They start first by inducing electrical breakdown between two electrodes, creating a surge of electricity with an erratic and unpredictable trajectory, much like lightning. They then use a laser beam to create a path of less-dense, ionized air, which becomes the course of least resistance on which the electrical discharge naturally tends to travel.

While this basic concept of directing electricity had already been proven, Clerici and the other members of the team have now shown that they are able to make it do more than move in a straight line.

"Our point was not all the lasers propagate on a straight line," Clerici said. "Some have an intensity peak that moves on a trajectory of a parabola and the idea was to move these lasers to guide the discharges along a curved path."

By applying this basic technique using specialized lasers like the "Bessel beam"—a type of laser with unique properties including a curved trajectory—the researchers were able to create directed, curved arcs of electrical discharge. In other words, the researchers have found a way to literally bend electricity to their will.

The researchers also found that they were able to use these new techniques to get the arc around solid obstacles placed between two electrodes.
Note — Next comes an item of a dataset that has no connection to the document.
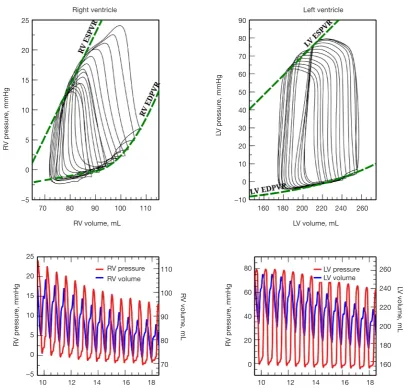 Figure 2 Simultaneous right and left ventricular pressure-volume (PV) loops during an inferior vena cava occlusion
Another characteristic of the "Bessel beam" and the "Airy beam"—another curved-trajectory laser the researchers used in experiments—is that they are "self-healing." This, the report explained, means that if "even if the main intensity peak is blocked while the remaining part of the beam is allowed to pass, self-healing takes place and the intense part of the beam reconstructs itself after encountering an obstacle," which allows the electrical discharge following the beam to continue.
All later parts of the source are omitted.